Je mehr Algorithmen mit Daten gefüttert werden, desto besser können sie Regeln und Muster entwickeln. Diese sind für die menschliche Entscheidungsfindung nützlich. Allerdings sollte man sich nicht bedingungslos auf sie verlassen, warnt unsere Gastautorin.

Es wirkt so, als wollte uns jeder nur zu gerne das nervtötende Personalmanagement abnehmen: „No more people problems“, so wirbt Cream HR in Großbritannien mit seinem Outsourcing-Service.
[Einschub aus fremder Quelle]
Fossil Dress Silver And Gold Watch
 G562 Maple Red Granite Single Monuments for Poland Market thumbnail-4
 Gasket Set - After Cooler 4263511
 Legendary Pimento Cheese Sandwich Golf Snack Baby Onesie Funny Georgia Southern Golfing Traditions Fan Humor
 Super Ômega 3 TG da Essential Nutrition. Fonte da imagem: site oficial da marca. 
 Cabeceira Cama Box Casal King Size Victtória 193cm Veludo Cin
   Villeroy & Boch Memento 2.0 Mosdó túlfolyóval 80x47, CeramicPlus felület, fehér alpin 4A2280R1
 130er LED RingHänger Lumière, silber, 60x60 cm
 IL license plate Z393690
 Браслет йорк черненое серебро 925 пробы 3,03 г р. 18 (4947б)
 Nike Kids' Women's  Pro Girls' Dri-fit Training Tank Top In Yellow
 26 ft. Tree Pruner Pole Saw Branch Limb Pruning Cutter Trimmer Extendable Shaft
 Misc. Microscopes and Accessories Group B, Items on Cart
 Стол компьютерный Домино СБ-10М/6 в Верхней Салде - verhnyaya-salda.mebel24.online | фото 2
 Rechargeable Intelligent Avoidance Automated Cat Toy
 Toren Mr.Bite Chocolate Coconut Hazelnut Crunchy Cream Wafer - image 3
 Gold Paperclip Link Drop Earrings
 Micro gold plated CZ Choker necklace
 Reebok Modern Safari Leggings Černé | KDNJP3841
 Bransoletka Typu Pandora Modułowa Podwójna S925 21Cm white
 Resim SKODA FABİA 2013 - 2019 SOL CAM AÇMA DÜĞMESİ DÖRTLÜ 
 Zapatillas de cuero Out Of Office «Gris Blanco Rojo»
Und ein junges Startup begeisterte in der Fernsehsendung „Die Höhle der Löwen“ die Investoren mit dem Versprechen: „Nur noch halb so viele Bewerbungsgespräche führen!“ Die Gründer hatten eine App entwickelt, die sich dank eines spontan geführten Webvideointerviews sofort einen persönlichen Eindruck von den Kandidaten verschafft; wenn das nicht passt, muss man die Person gar nicht erst einladen. Es scheint, als würde jede Form von Leistungsbewertung – sei es bei Bewerbungen, vor Mitarbeitergesprächen oder bei Beförderungen – Firmen vor Probleme stellen. Eine solche Bewertung darf natürlich nicht diskriminierend sein und sollte gleichzeitig weder zu selektiv noch zu undifferenziert vorgenommen werden. Sind die Experten aus unseren Personalabteilungen und die direkten Vorgesetzten dafür wirklich am besten geeignet?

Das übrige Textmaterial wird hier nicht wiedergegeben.